Physicists unravel the mechanics of DNA

 (Image: Pixabay © CC0)

(Image: Pixabay © CC0)

A team of physicists at KU Leuven are improving our understanding of how DNA works. Amongst their findings is the proof of the elusive ’twist-bend coupling’, the theory of which was first proposed in 1990. They also found out exactly why our DNA is coiled tighter in some places, while it’s looser in others.

The DNA within our cells is an almost two-metre string of information, stored in a nucleus of only a few micrometres large. The information within those tightly coiled bends and twists needs to be continuously accessed and read - not an easy task.

Scientists have long theorised that DNA has a specific mechanism to it that might make it more accessible. In 1990, a theory was put forward, saying that it’s possible that if you twist DNA, it would also bend automatically. However, to this day, it remained unproven, although scientists studied DNA extensively.

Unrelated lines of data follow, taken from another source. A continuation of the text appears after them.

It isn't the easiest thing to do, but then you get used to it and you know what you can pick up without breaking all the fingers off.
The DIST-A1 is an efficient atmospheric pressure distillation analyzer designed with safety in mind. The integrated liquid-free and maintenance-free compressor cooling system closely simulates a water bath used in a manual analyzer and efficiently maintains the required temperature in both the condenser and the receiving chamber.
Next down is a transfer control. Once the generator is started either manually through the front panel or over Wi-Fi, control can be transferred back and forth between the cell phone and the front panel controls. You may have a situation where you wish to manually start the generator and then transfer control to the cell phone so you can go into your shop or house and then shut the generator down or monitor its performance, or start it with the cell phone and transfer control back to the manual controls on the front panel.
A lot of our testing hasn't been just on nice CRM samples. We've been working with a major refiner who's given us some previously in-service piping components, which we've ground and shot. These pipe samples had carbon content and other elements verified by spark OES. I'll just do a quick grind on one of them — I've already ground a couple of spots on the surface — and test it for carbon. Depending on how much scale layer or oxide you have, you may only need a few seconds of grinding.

Research also showed that the coils of the DNA string seemed to tighten and loosen in places. We usually think of DNA as a helix-shaped, regular string, but reality somehow seemed different. But why? A team of scientists, composed of Professor Enrico Carlon (KU Leuven), Professor John F. Marko (Northwestern University), and PhD students Enrico Skoruppa and Stefanos K. Nomidis (KU Leuven), now have an answer to that question, along with the proof needed that so-called twist-bend coupling, proposed in 1990, really exists.

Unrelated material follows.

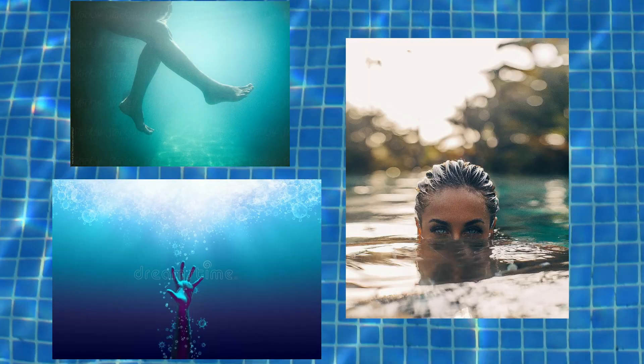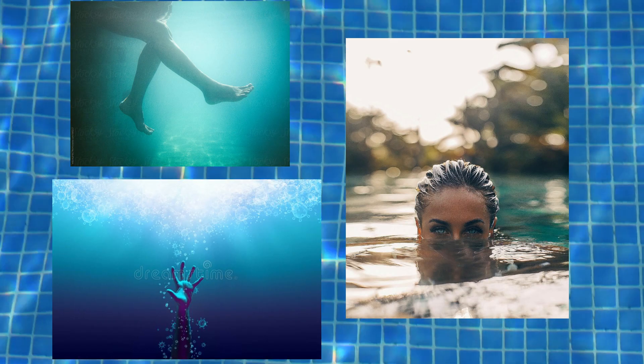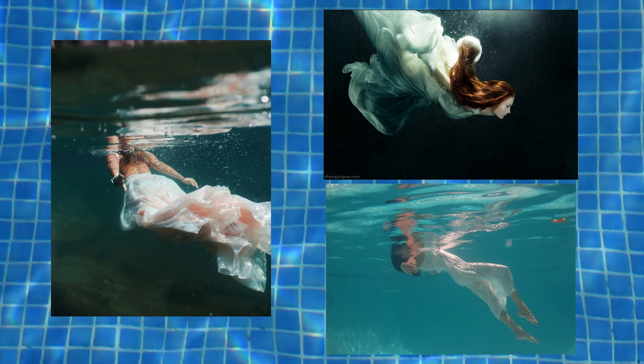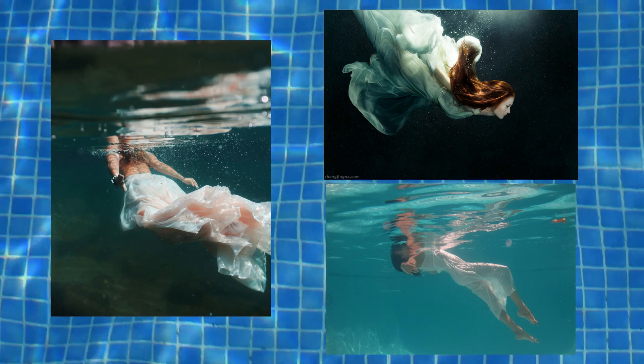These are more or less the photos that I have wanted to use as inspiration. I don't have any idea who the authors of the photos are, but if someone knows, put them in the comments.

Every cell in our body contains about 2 metres of DNA, which is closely packed into a nucleus of a few micrometres. If we stretch out the DNA from the nucleus, we find that it forms a beads-on-a-string structure. The beads here are proteins called histones, around which the DNA is wrapped one and a half times. The DNA and histones together form a nucleosome.  A team of soft matter biophysicists took a closer look at the structure of this nucleosomal DNA. 


Bend-induced twist waves

Since DNA is heavily twisted and bent in the cell, DNA mechanics have been heavily studied by physicists for a long time. Back in 1990, scientists already theorised that the double helix structure of DNA has what is called a ’twist-bend coupling’. In layman’s terms, this means that if you twist a string of DNA, it spontaneously bends and vice versa. 

Now, almost 25 years later, a team of biophysicists at KU Leuven and Northwestern University were able to prove that this twist-bend coupling exists, thus giving us more insight into how DNA responds to mechanical deformations.

By means of mathematical modelling and computer simulations, the team was able to prove that when DNA bends, it also spontaneously twists. 

Furthermore, they were able to prove that our usual representation of DNA as a double helix with a homogeneous structure is, in fact, far too simplistic. A bent double helix actually has ’twist waves’, where some parts are ’overtwisted’ and some parts are ’undertwisted’. This information in itself isn’t new, but theories about why this variation occurred have long credited the effect to the histone proteins in the nucleosomal core.

However, the team was now able to prove that even if you remove the core, the variations remain, proving them to be an inherent characteristic of the DNA string itself. Moreover, they found that these variations occur regularly in the form of waves where the twist varies periodically along the length of DNA. 

Why is this important? 

This research gives more insight into the mechanical properties of DNA and suggests that there are some peculiar ways in which the double helix can be deformed by proteins. A protein could, for instance, untwist the double helix by bending it along an appropriate direction.

Understanding how proteins interact with DNA is of central importance, as the cell uses these interactions to perform a large number of tasks. This work shows us how physics can help us to understand our bodies. 

The researchers received funding from KU Leuven Grant No.IDO/12/08, Research Foundation - Flanders (FWO), the Francqui Foundation, and the US National Institutes of Health (NIH).